When I bought my car I said I was doing trying to make cars go fast.....I lied....anyone have one with forced induction? How do these things respond to the juice? Someone told me the automatic slushbox can't handle the bottle?


----------



## maximadave (May 5, 2002)

first try a intake by Stillen or JWT. Next get a Y-pipe and a custom cat back exhaust or a Greddy cat back. I would do a valve body mod to your tranny if you plan on running juice. Don't run juice unless you do it. Try Unorthodox underdrive pulleys as well. You should see some good gains from these mods alone.


----------



## gkesten (Mar 29, 2004)

Thank you...NO JWT stuff...


----------



## LatinMax (Feb 23, 2003)

maximadave said:


> first try a intake by Stillen or JWT. Next get a Y-pipe and a custom cat back exhaust or a Greddy cat back.

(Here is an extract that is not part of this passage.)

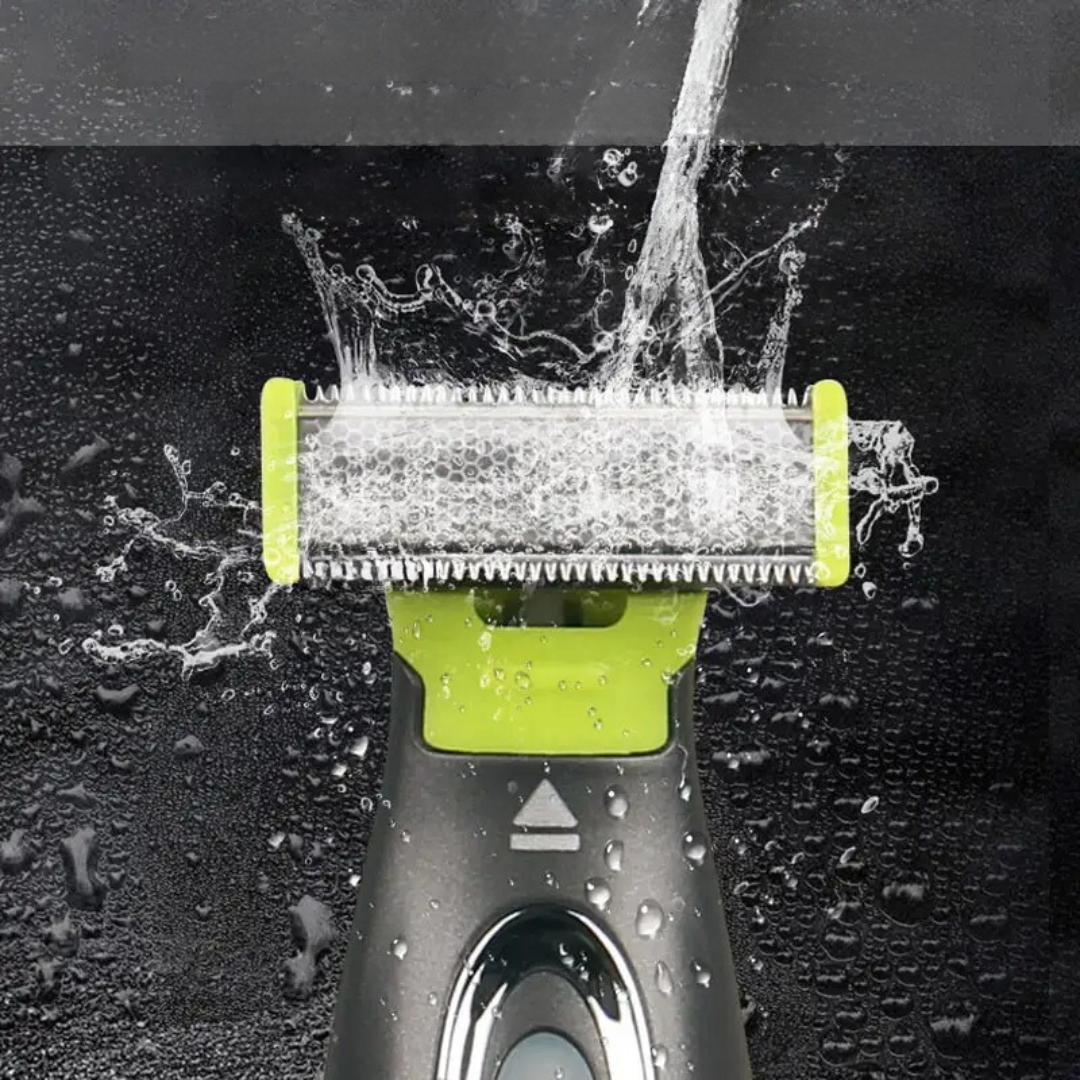 Ergonomic portable electric body groomer for men & women. Achieve smooth skin with this travel-friendly shaver.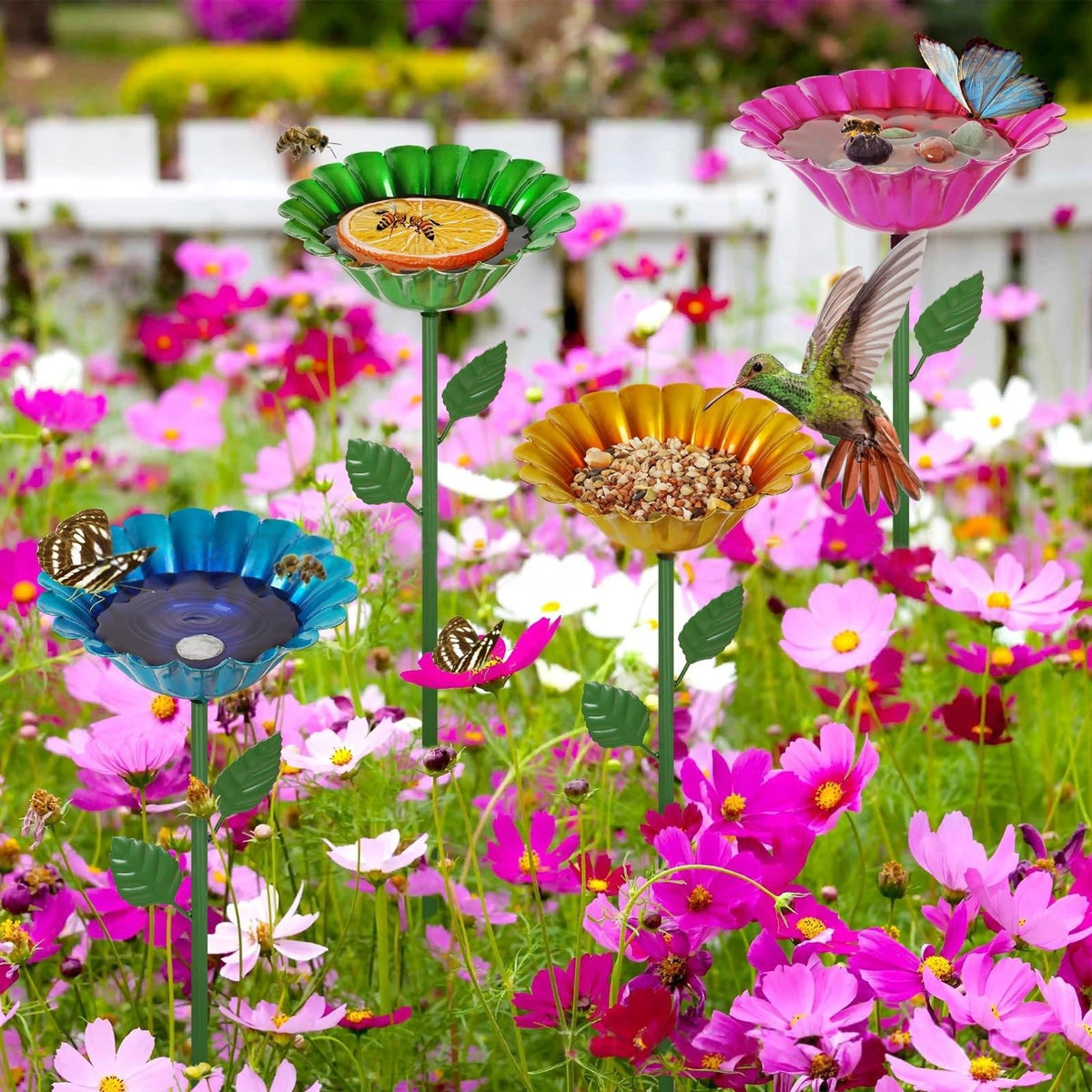 Haetair versatile garden decor serves as a water source for pollinators.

I would do a valve body mod to your tranny if you plan on running juice. Don't run juice unless you do it. Try Unorthodox underdrive pulleys as well. You should see some good gains from these mods alone.


Don't do the underdrive pulley if you plan on boosting via SC in the near future. Just get the OEM size UP instead. Also on the tranny you need to go with a cooler and the Valve Body Medd to have it try to keep up.
On the tranny making it....that is entirly on how often you boost.


----------